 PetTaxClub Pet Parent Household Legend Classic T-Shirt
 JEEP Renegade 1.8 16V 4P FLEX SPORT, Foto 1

--

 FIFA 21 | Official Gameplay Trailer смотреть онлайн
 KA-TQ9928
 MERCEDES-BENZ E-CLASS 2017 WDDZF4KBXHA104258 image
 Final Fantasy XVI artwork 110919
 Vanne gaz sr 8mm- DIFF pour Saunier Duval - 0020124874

...

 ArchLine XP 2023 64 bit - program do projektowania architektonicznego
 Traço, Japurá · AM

[About this exercise]:
Give back, unchanged, the run of lines in the listing above that begins at the line containing "MERCEDES-BENZ E-CLASS 2017" and ends at the line containing "Vanne gaz sr", both included.

[Answer below]:
 MERCEDES-BENZ E-CLASS 2017 WDDZF4KBXHA104258 image
 Final Fantasy XVI artwork 110919
 Vanne gaz sr 8mm- DIFF pour Saunier Duval - 0020124874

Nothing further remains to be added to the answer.